PROBLEM REQUIREMENTS> Copy, word for word, the lines below from the one containing "Aquazzura Nina raffia platform sandals | Thumbnail 1 Aquazzura" up to and including the one containing "Solid Brass And", with pictures left out.

RECORDS SHOWN>
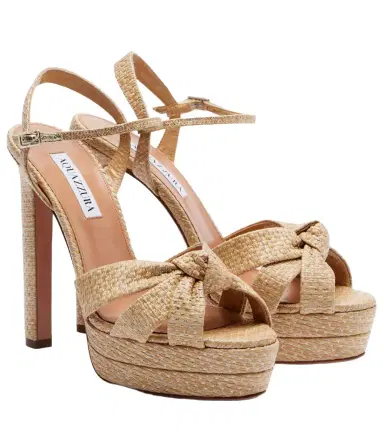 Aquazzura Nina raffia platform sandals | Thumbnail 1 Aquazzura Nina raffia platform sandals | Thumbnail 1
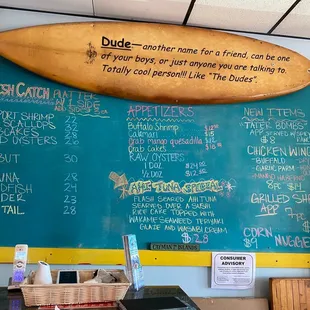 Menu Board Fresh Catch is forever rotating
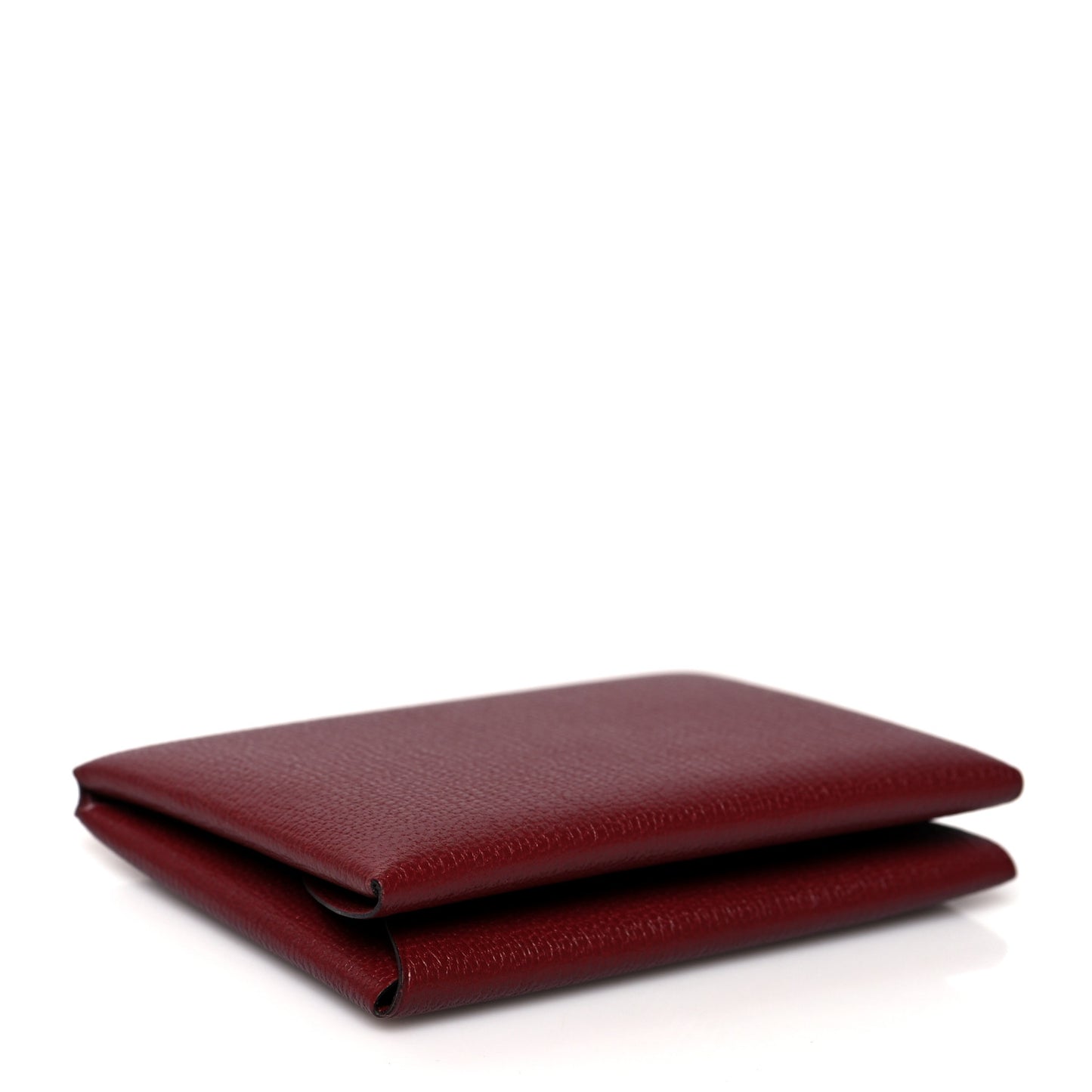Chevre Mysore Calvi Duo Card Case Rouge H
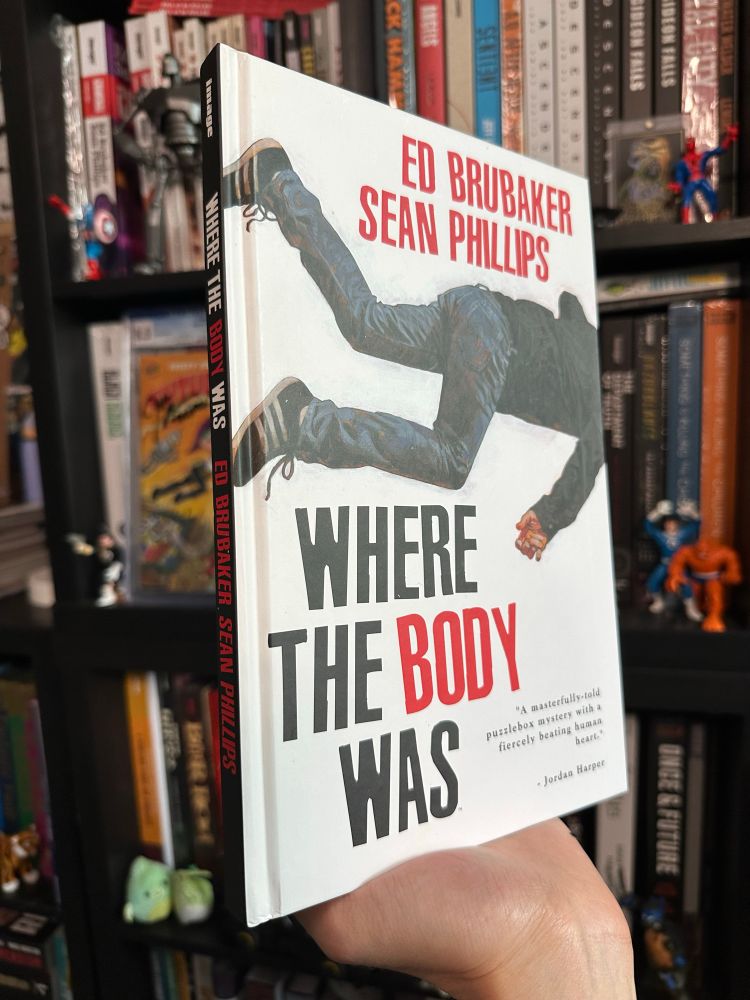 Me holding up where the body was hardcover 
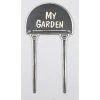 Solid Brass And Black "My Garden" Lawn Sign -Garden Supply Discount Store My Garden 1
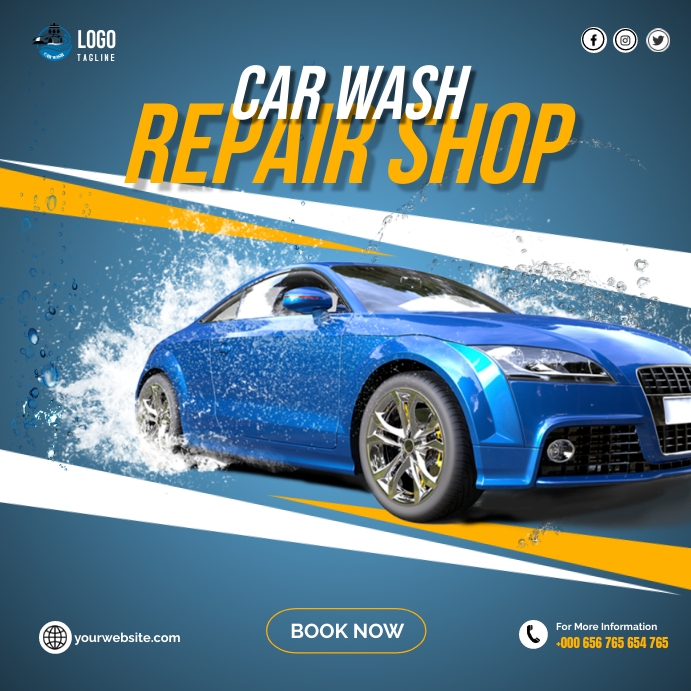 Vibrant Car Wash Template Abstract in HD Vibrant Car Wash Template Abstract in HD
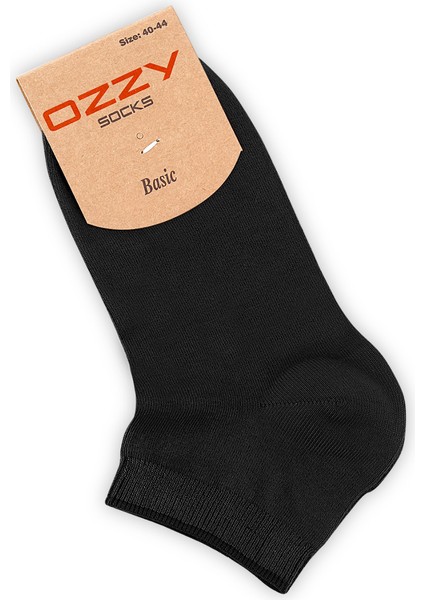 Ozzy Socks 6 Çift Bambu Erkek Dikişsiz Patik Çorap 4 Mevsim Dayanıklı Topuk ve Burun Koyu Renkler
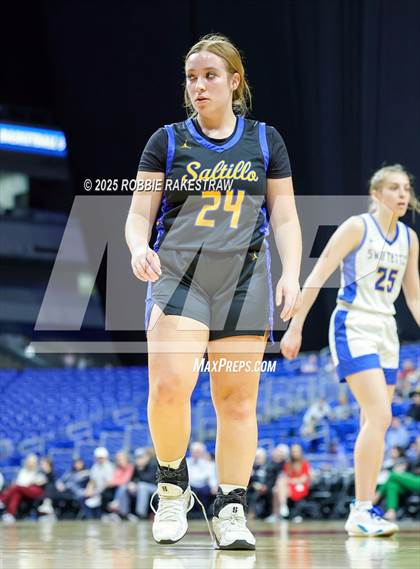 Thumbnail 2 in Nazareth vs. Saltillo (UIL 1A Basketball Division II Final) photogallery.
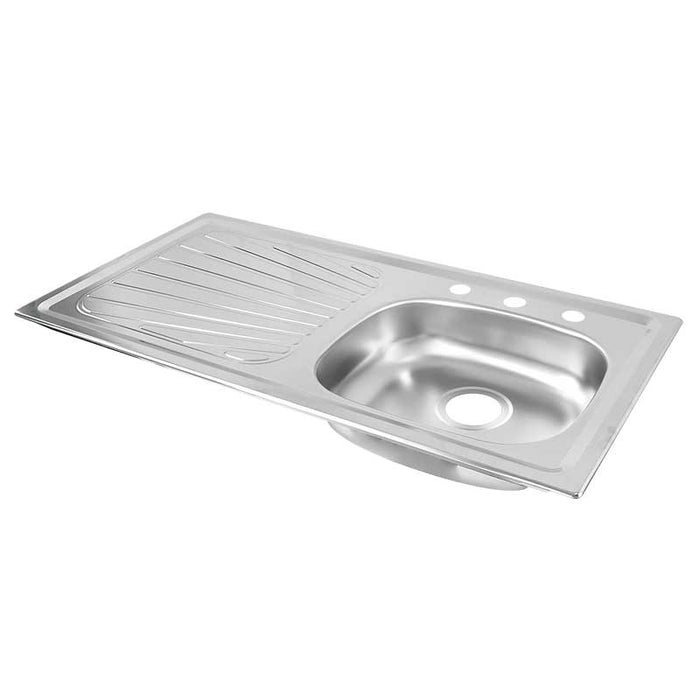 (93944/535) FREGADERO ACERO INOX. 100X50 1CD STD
==
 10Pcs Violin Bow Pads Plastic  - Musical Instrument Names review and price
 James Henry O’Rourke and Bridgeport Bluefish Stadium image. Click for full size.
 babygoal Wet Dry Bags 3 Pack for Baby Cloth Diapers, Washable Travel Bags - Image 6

ANSWER SECTION>
 Aquazzura Nina raffia platform sandals | Thumbnail 1 Aquazzura Nina raffia platform sandals | Thumbnail 1
 Menu Board Fresh Catch is forever rotating
Chevre Mysore Calvi Duo Card Case Rouge H
 Me holding up where the body was hardcover 
 Solid Brass And Black "My Garden" Lawn Sign -Garden Supply Discount Store My Garden 1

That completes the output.